It looks unassuming, but this lump of rack unit kit is part of the future of broadcast. Given that five minutes of uncompressed 8K can take up an entire terabyte of storage, harnessing the power of HEVC to squash it down into something both storable and transmittable is a worthwhile venture. NHK and Mitsubishi have been the first to do it with this 8K encoder.
NHK is, of course, one of the driving forces behind 8K (or Super Hi-Vision as it’s been called for years by both it and the BBC, the other main R&D centre working on the format), so it’s little surprise to see it involved. Mitsubishi Electric is perhaps a bit more of a left-field name, but given the sheer number of companies trading under that umbrella, the Japanese industrial and electronics giant certainly has enough expertise it can lean on in enough different areas to pull most things off if it puts its mind to it.

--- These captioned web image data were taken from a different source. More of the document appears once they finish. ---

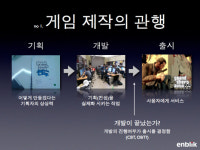 게임 제작의 마지막 5%, 유저 목소리를 들어라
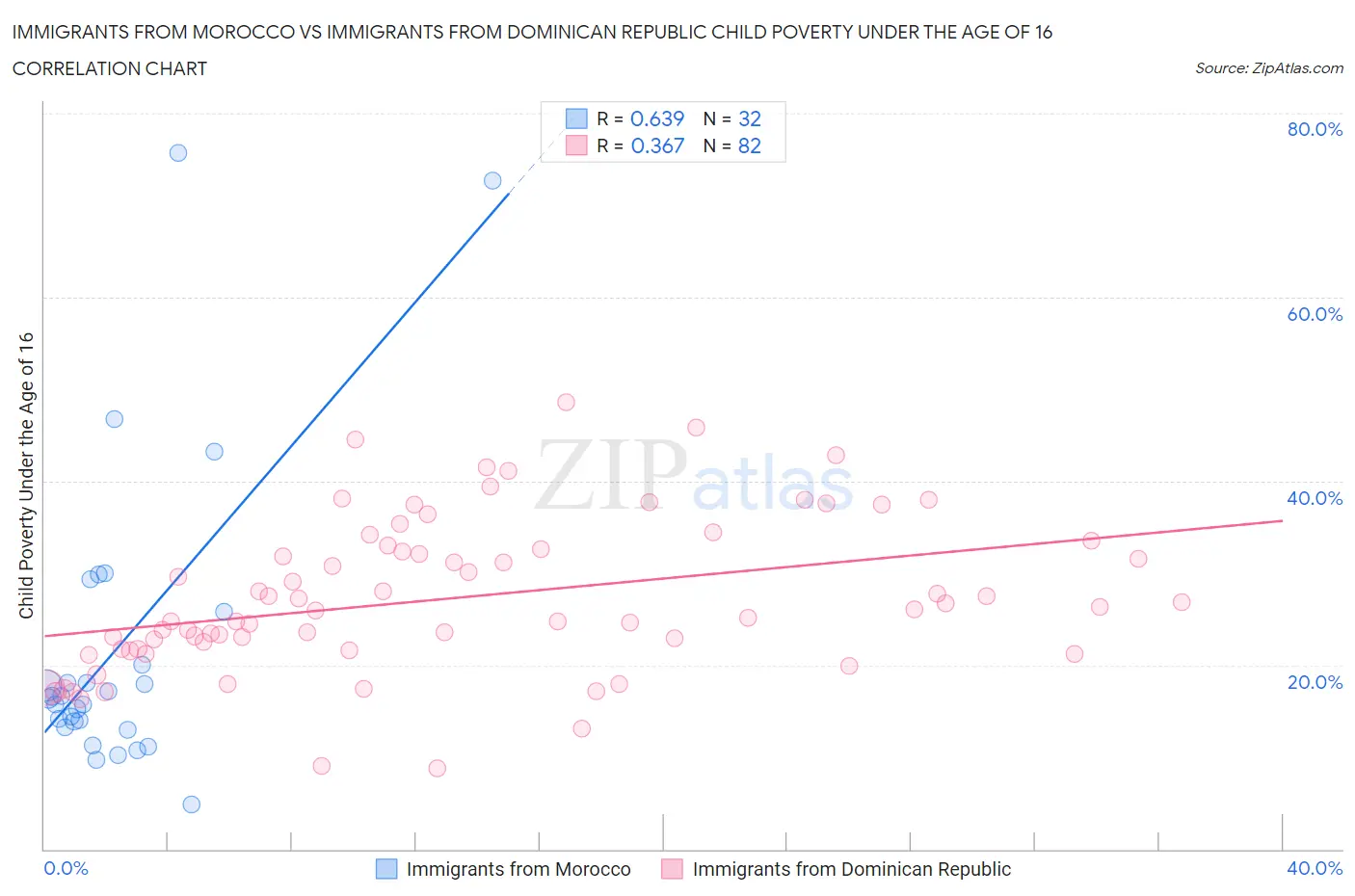 Immigrants from Morocco vs Immigrants from Dominican Republic Child Poverty Under the Age of 16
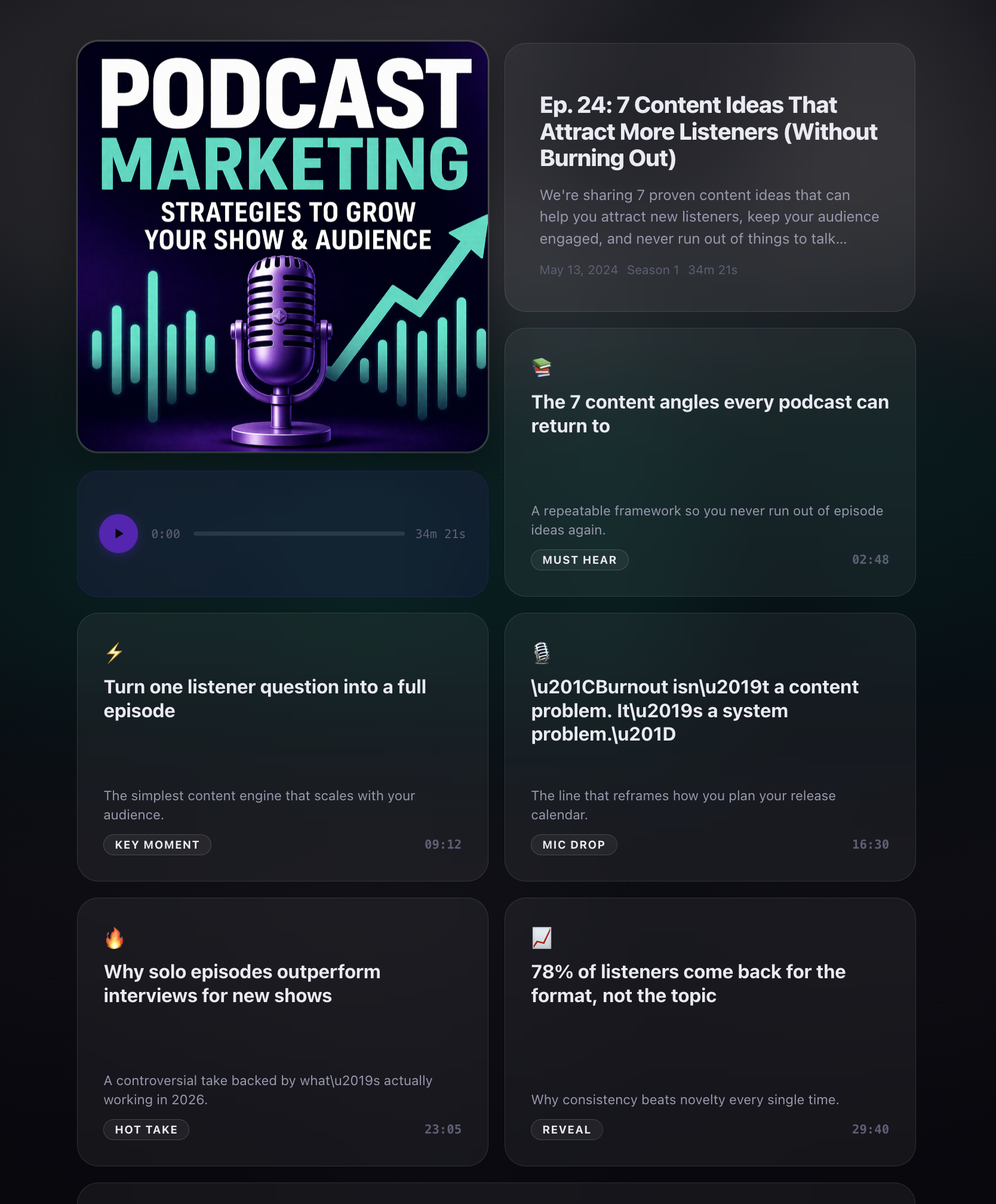OnPodium episode landing page for the same episode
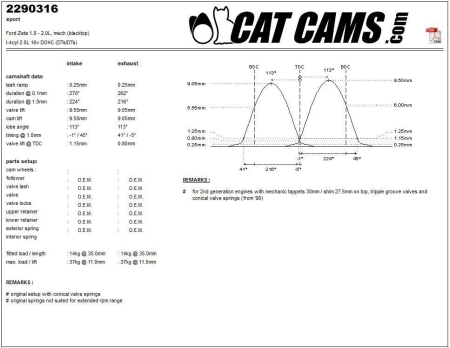 Catcams camshaft Ford Zeta 1.8 - 2.0l, mech (blacktop) CC2290316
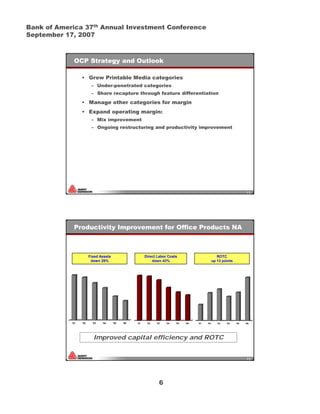 BAS_2007_AnnualInvestorConferencePresentation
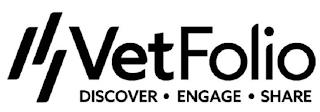 VETFOLIO DISCOVER· ENGAGE· SHARE trademark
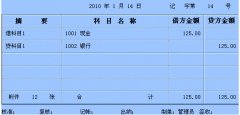 制造業(yè)應(yīng)付帳系統(tǒng)績效分析管理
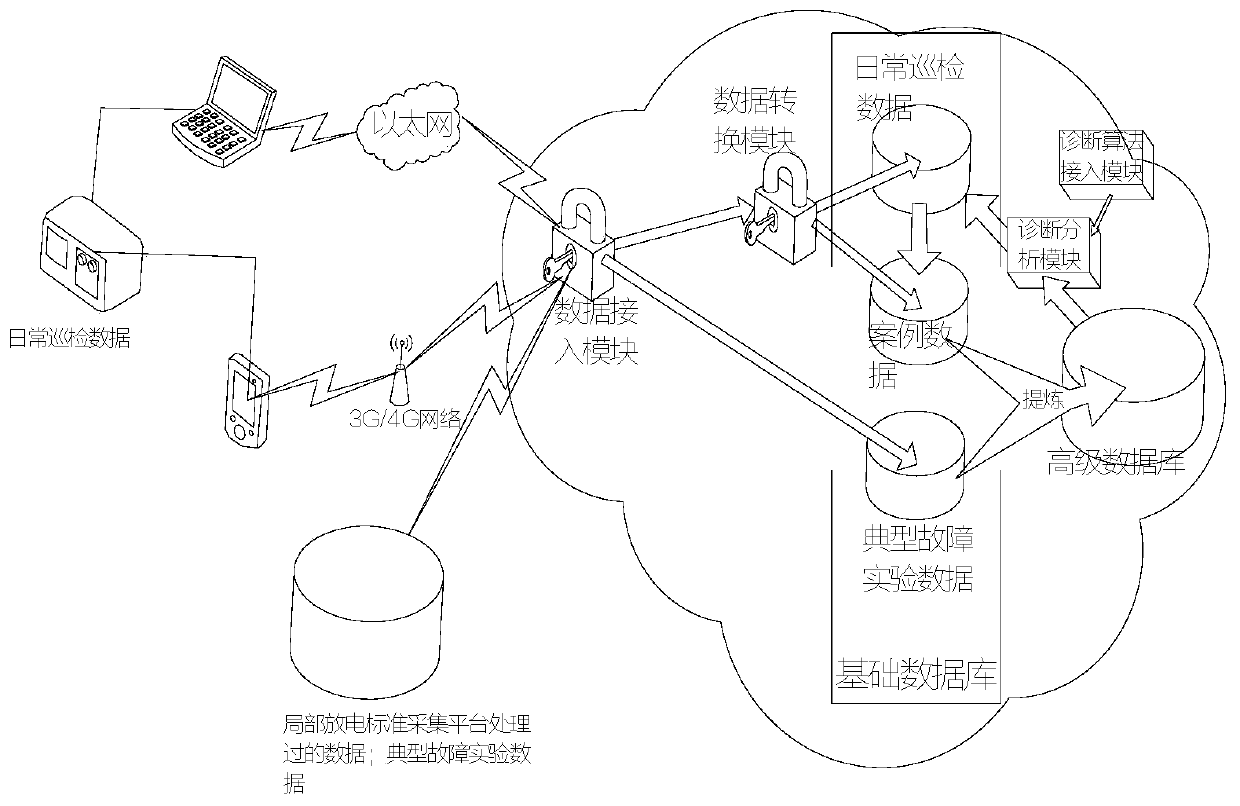 Open Partial Discharge Big Data Management System Based on Intelligent Diagnosis Algorithm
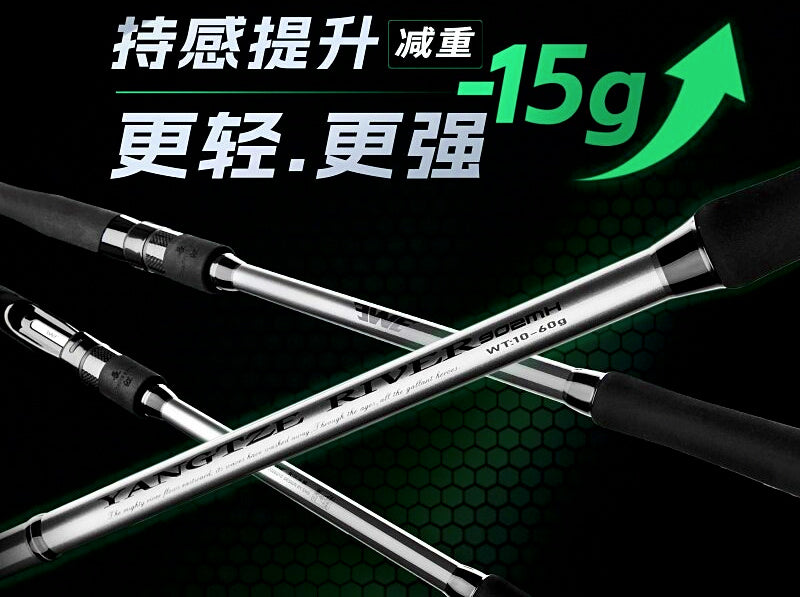 Two-Piece Long-Cast Lure Rod, 2.37–3.35 m (7 ft 9 in–11 ft) – product photo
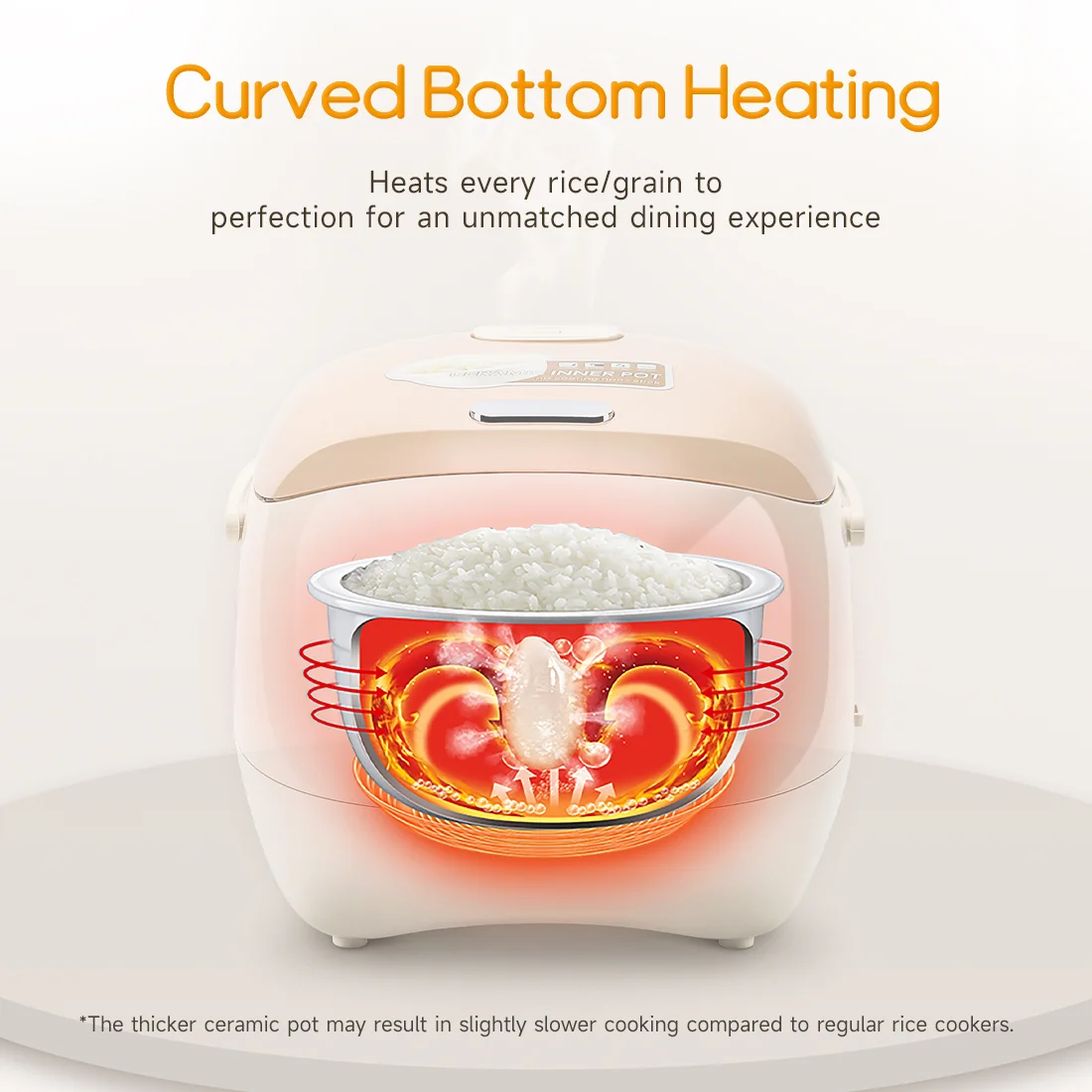 Joydeem DFB-C300 Rice Cooker Uncoated Non-stick Ceramic Inner Pot - 6 Cup Uncooked (3.2 Qt/3 Liters)
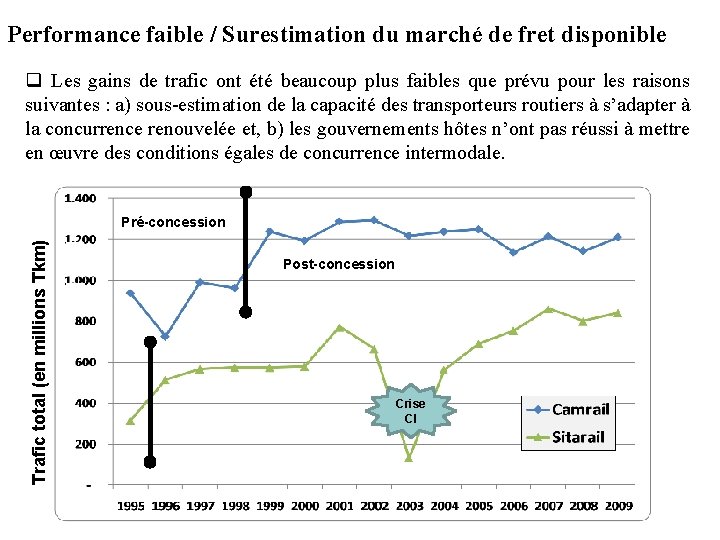 Performance faible / Surestimation du marché de fret disponible q Les gains de trafic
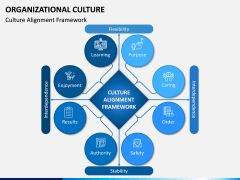 Organizational Culture PPT Slide 14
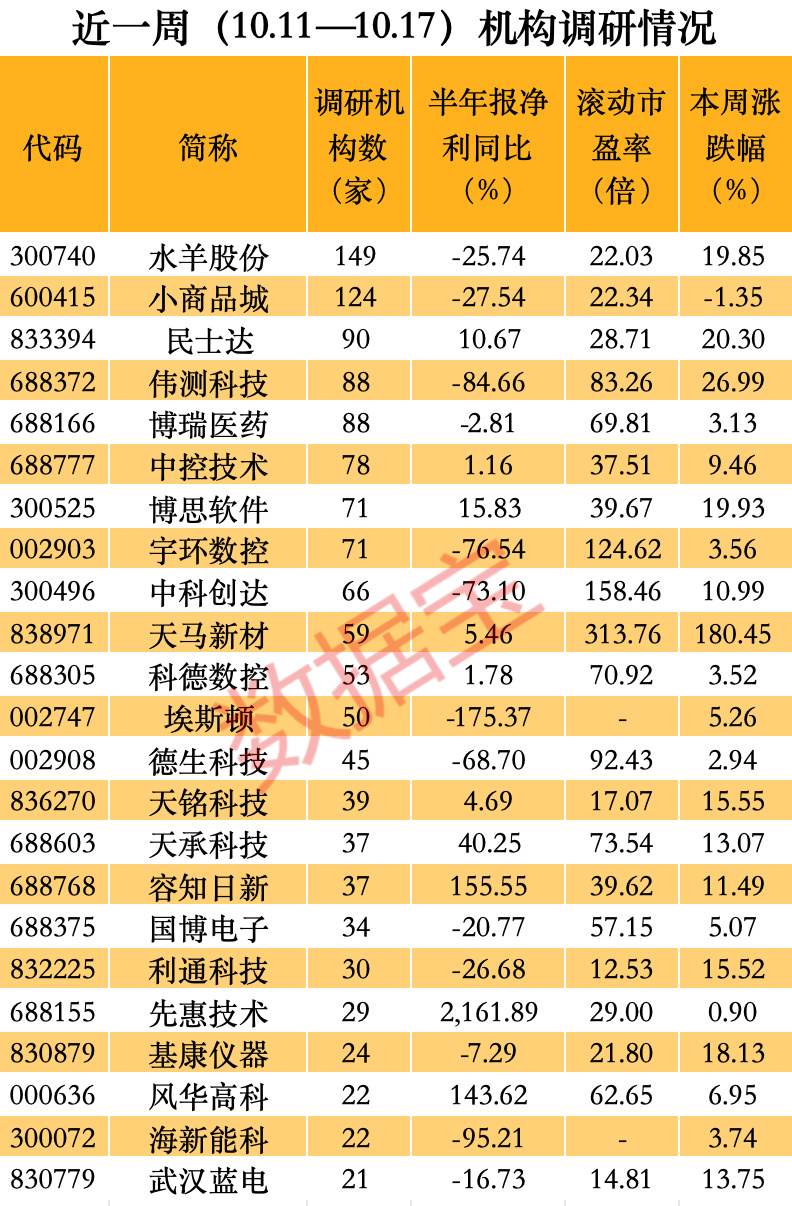 股價(jià)一周暴漲逾180%，超級(jí)牛股被盯上！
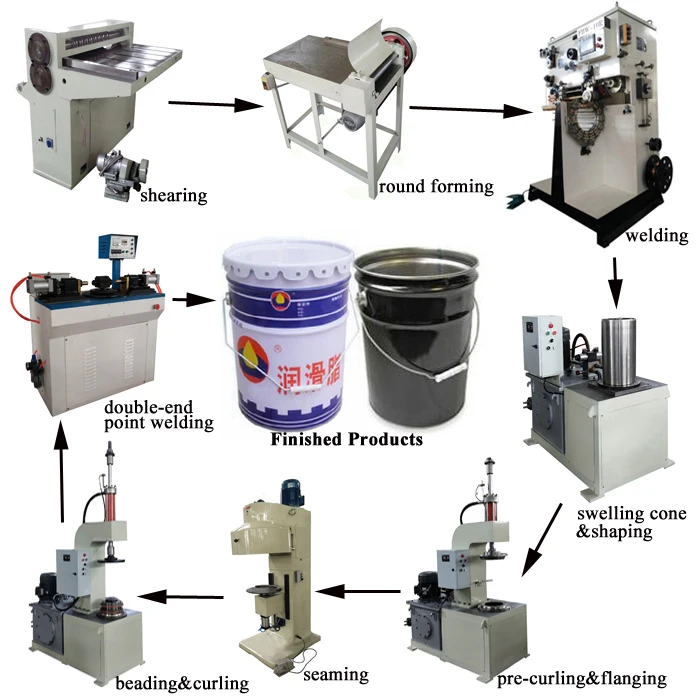 Oil Drum Cap Making Machinery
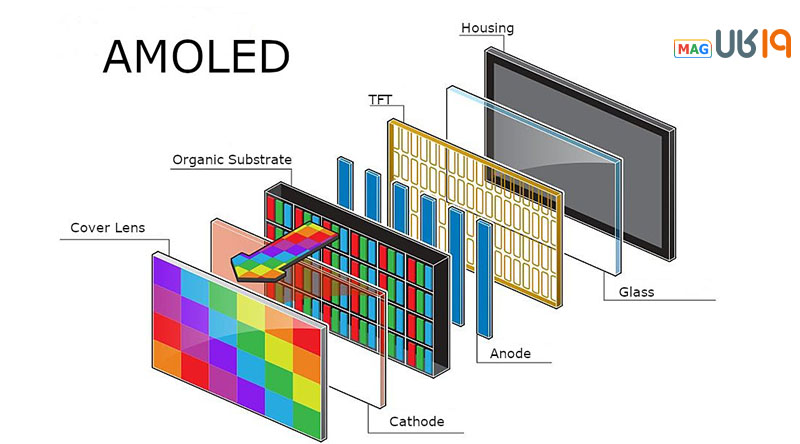 صفحه نمایش oled بهتر است یا amoled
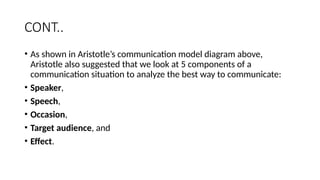 CONT..
• As shown in Aristotle’s communication model diagram above,
Aristotle also suggested that we look at 5 components of a
communication situation to analyze the best way to communicate:
• Speaker,
• Speech,
• Occasion,
• Target audience, and
• Effect.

The secret of handling 8K is, of course, parallel processing. This is how the BBC and NHK managed to squirt 8K around during its trials at the Olympics, and this encoder is no different. Essentially it divides the image into seventeen 7680 x 256 strips, which share moving object data (speed and direction) at the strip edges to prevent image degradation at the joins when the image is stitched back together.
Currently the team working on the encoder have it operating in realtime at 60Hz. The next developmental push is to ramp that up to 120Hz, which is, of course, one of the other defining aspects of SHV.